Contrary to mainstream politicians, Marine Le Pen, like her father before her, as well as Jean-Luc Mélenchon in this campaign, have been listening intently to what people really care about for many years. The only problem is that their solutions, like closing borders or relaxing the constraints of the Euro, are either half-baked or unrealistic or both. It is nevertheless interesting to look back to Wednesday’s debate to identify some of the issues that Emmanuel Macron, if he is elected this Sunday, which looks increasingly likely, will have to start tackling in the next five years.

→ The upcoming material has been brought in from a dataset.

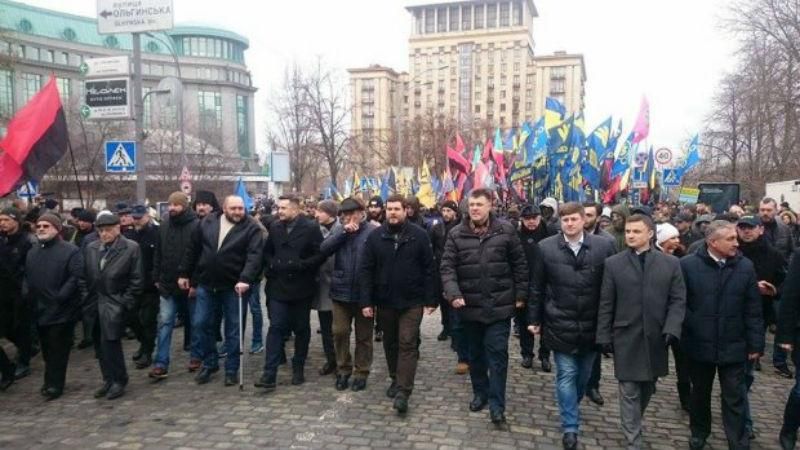 Хронологія протесту: як націоналісти ходили до Порошенка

The only point at which Le Pen really scored points in the debate was when she denounced successive governments’ inability to reduce crime, weed out Islamic radicals and stop terrorism. However tenuous the link between immigration, crime and terrorism, as any serious observer knows, it is nevertheless very real in the minds of an increasing number of voters.  The regular and widely reported outbreaks of violence around large French cities fan the flames, as do the numerous no-go areas in the dingy “banlieues”, rife with petty crime, drug dealing and fertile ground for attempts to radicalise angry young men. Too many of them (young women have generally made a greater success at integration) often, but not exclusively, second and third generation immigrants from North and Sub-Saharan African families, feel alienated and excluded from society. Bringing such youngsters into society’s mainstream has been for many years a huge, urgent but neglected task. Macron will have his work cut out to take on entrenched interests like teachers’ unions, too quick to bleat only about resource constraints, as well as labour unions that feed on the rich pickings of France’s convoluted and opaque vocational training system. The many dedicated and effective teachers, counsellors and other community leaders desperately need political leaders to give them encouragement and not have their innovations and experiments stifled in red tape or their voices drowned under a flood of ideological rhetoric from unions supposed to represent them.



On the euro, I wrote in previous posts of Le Pen’s and Mélenchon’s unworkable solutions. Macron referred to them as “smoke and mirrors” (un bidouillage) in the debate. That being said, he must not only start sorting out France’s home-grown economic problems but also take the fight to Brussels and negotiate painstakingly with other member states, starting with Germany, on ways to make the Euro system work better for every member of the Euro area.



Finally, as has been said over and over again, the new President will have to find more effective ways of regulating France’s labour market than through a gargantuan and abstruse Labour Code that hampers initiative at every turn and is a powerful disincentive for potential employers to take on new workers, particularly less qualified ones.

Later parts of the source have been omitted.